その後、火災は瞬く間に広がり、山中の木々を焼き尽くしました。7月15日時点で、火災の大部分は鎮火していますが、山のふもとではまだ一部が燃えているようです。
これほど大規模な山火事だと、地面の有機物質がミネラル化して土壌の構造が変化し、(普通なら水によって流されることのない)栄養素や金属、毒素が土壌から放出されます。
その結果、焼け跡の地面は保水力や吸水力を失い、代わりに水を弾く疎水性が高まります。
すると、雨季に発生する降雨が地中に吸収されることなく、地上の灰やスス、枝を飲み込んで土石流となるのです。
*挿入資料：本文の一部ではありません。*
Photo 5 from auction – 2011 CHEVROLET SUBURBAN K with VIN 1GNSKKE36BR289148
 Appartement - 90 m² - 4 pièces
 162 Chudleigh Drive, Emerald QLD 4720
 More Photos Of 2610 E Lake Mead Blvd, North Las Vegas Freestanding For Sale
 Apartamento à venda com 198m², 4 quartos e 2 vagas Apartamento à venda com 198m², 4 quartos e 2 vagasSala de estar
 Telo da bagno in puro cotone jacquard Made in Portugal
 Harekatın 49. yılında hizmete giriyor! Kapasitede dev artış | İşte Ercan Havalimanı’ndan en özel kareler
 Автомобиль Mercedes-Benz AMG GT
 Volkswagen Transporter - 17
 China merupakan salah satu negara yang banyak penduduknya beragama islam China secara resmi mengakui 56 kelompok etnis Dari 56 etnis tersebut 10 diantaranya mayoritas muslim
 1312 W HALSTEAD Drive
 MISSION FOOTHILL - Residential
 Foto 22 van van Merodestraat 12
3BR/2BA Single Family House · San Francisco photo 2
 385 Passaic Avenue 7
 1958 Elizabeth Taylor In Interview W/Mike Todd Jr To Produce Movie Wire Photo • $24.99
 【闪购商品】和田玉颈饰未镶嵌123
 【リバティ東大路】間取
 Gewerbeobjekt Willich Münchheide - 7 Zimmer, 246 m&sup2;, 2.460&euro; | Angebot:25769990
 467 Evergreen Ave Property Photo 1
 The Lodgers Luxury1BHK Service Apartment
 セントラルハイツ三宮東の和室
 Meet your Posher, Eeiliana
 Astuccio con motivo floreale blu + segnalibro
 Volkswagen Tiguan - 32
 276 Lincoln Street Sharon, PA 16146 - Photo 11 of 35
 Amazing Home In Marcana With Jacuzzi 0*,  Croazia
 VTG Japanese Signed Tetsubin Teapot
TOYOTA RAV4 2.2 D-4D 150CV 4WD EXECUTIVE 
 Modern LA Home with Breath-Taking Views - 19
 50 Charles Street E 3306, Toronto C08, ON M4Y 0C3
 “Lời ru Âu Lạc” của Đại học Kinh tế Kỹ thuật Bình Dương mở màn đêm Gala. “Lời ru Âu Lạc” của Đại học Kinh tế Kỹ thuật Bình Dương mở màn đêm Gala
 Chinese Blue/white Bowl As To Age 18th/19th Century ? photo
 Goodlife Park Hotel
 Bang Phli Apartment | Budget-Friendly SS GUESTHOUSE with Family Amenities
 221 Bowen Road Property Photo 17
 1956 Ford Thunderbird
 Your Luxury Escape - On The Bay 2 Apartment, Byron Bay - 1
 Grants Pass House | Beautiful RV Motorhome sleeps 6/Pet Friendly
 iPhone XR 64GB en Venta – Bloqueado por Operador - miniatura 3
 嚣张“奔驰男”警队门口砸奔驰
カリフォルニア水科学センターは「焼けた土地で土石流を起こすのに必要な降水量は、焼けていない通常の土地よりもはるかに少ない」と説明します。
こうした黒く濁った水が近隣の川に流れ込むと、水生植物や藻類は光合成に必要な光を吸収できません。さらに、魚などの野生生物も視界が悪くなり、捕食ができず、生態系に異常が起こります。
また、汚染された水で大量死が起こる可能性もあるでしょう。土石流は、前触れもなく車道や公道に流れ出たりするため、山火事後の最も危険な二次災害となります。
山火事の被害は、数十年単位で生態系に悪影響を及ぼすため、今回発生した黒い濁流にも十分な注意が必要なのです。